La signalisation lumineuse dynamique Flowell, telle qu’expérimentée à Nantes, en France (notre photo), a été développée chez Colas. CR : Groupe Colas

« On parle maintenant beaucoup d’innovation ouverte. On est aujourd’hui, poursuit-il, dans un monde plus ouvert. L’innovation est ouverte à toutes les entreprises. Chez Colas, nous pouvons collaborer avec des partenaires avec lesquels nous partageons les risques, les dépenses et les informations ou avec des starts up, comme RB3D par exemple avec qui nous avons collaboré pour l’Exopush. L’innovation n’est pas l’apanage des seules grandes entreprises, elle est ouverte à toutes les entreprises, petites, moyennes et grandes. »



« Et il y a plus d’une sorte d’innovation. On peut sans doute évoquer les innovations externes, qui correspondent à des nouveaux produits ou à de nouveaux services. Mais les innovations internes ont aussi une grande valeur. Pour ces dernières, il faut d’abord s’assurer qu’elles apportent un bénéfice. Ce peut être un bénéfice en termes de productivité, de simplicité ou de commodité ou un bénéfice en termes d’images de l’entreprise ou en termes d’environnement. Encore une fois, l’innovation doit apporter de la valeur. »

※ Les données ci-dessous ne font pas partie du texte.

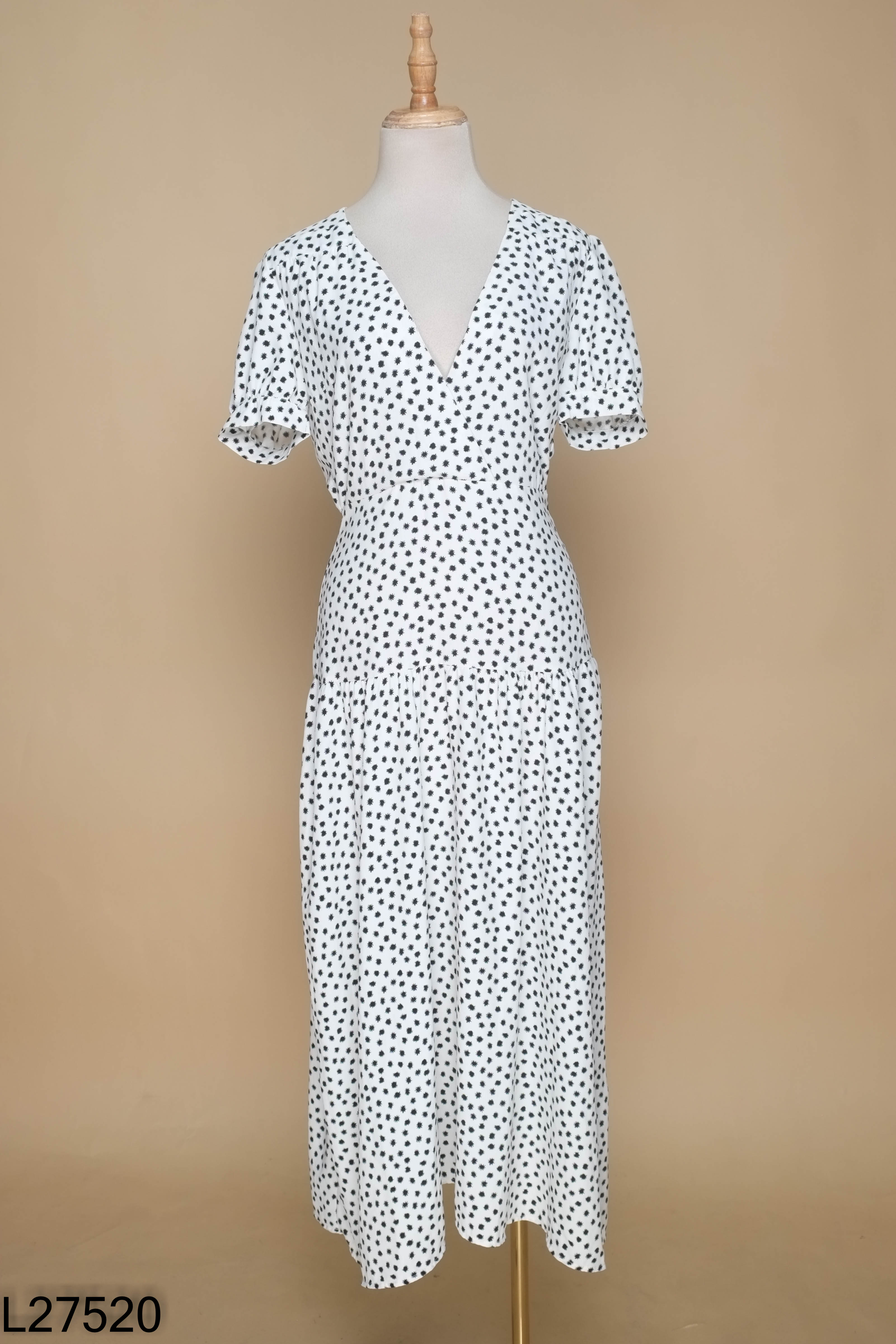 Váy trắng TOPSHOP họa tiết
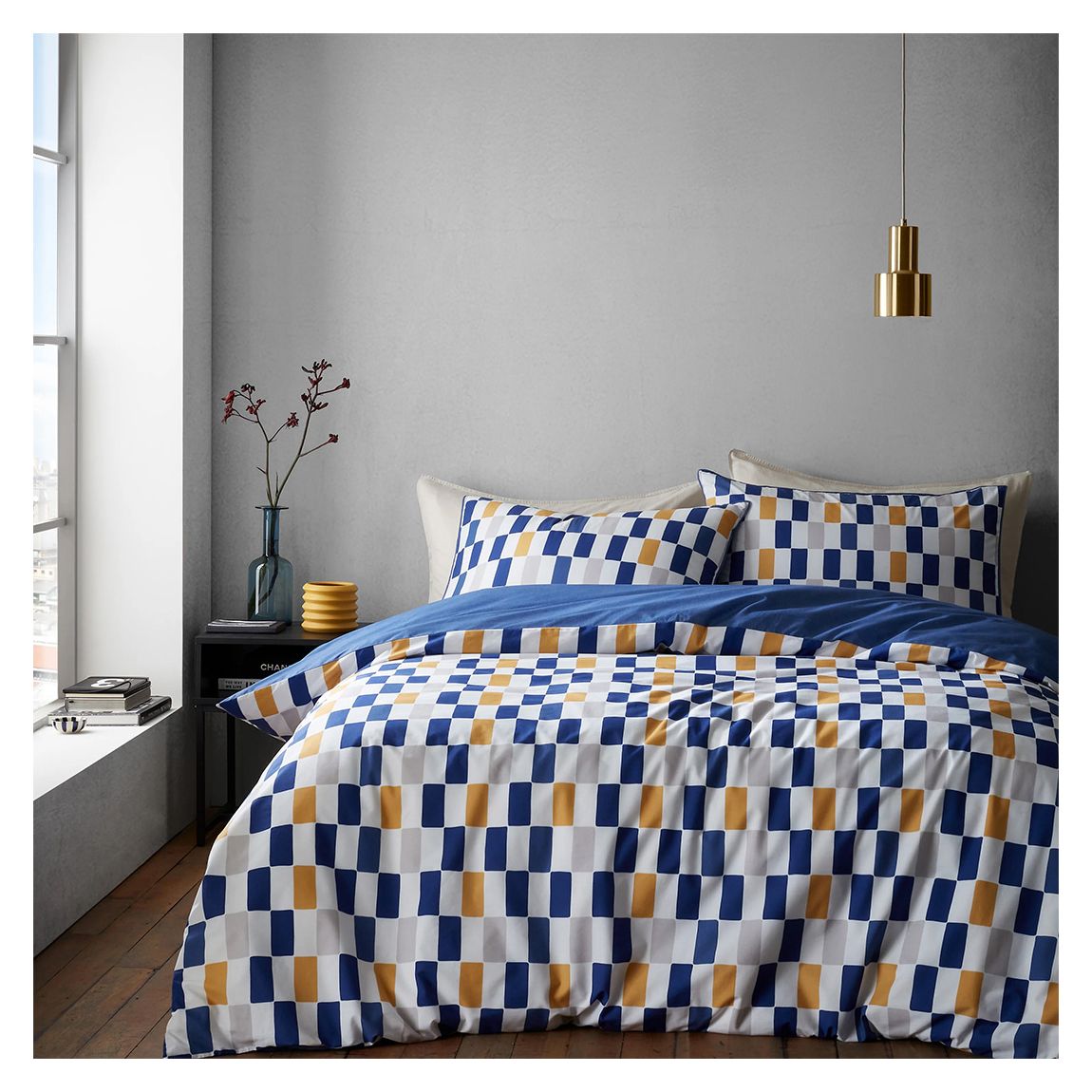 Oblong Checkerboard Super King Duvet Set, Blue main product photo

« L’innovation dans l’entreprise est multiple. Elle concerne bien sûr des nouveaux produits, des nouveaux matériaux, des nouveaux enrobés. Mais ce peut être aussi de nouveaux services, de nouvelles offres, des nouveaux procédés, des nouvelles manières de faire, des nouveaux modes d’organisation. » – Johann Goineau

Un questionnaire pour évaluer l’impact

« Il faut ensuite juger de son impact, explique Johann Goineau. Comment faire accepter cette innovation dans l’entreprise ? Elle peut perturber des équilibres, des habitudes. Il faut faire preuve d’innovation dans la façon de déployer une innovation. L’acceptation dépend largement d’un processus psychologique qui détermine si l’utilisateur va accepter ou rejeter cette nouvelle technologie. Nous nous sommes appuyé sur un modèle d’acceptation développé par l’INRS, structuré autour de 6 dimensions, toutes importantes :

  • La facilité ou non d’utilisation.
  • Est-ce performant (pour la sécurité, la santé) ?
  • Les conditions facilitantes (est-ce bien expliqué par l’entreprise ? Est-ce clair ?).
  • La dimension sociale. Ce que l’entourage perçoit au sens large : le regard des collègues, mais ce peut être aussi celui des riverains.
  • La construction de l’identité professionnelle de celui qui l’utilise. Est-ce que ça valorise son métier ou non ? Est-ce que ça lui permet de développer de nouvelles compétences ou non ?
  • Les affects ou le ressenti de l’utilisateur. »

« En travaillant sur ce modèle de l’INRS, nous avons conçu un questionnaire adapté à notre usage. Nous avons employé ce questionnaire auprès des utilisateurs de l’Exopush. Les questions ont été posées en présentiel auprès des utilisateurs. L’objectif est maintenant d’élargir auprès d’autres personnes pour comprendre l’influence sociale. L’acceptation peut se poser pour de nombreuses innovations, que ce soit pour le digital ou la réalité augmentée par exemple. »

Colas travaille sur un projet de visualisation des réseaux enterrés par réalité augmentée, via téléphone ou tablette. CR : Groupe Colas

En terminant, Johann Goineau souligne la nécessité de sensibiliser les collectivités, les donneurs d’ouvrage, les maîtres d’œuvre, les bureaux d’études sur l’importance de l’innovation, qu’il s’agisse d’innovations dans les produits et services ou, à l’interne, au niveau de l’organisation de l’entreprise. « Il faut diffuser une culture de l’innovation », conclut le chef de Projet Innovation chez Groupe Colas.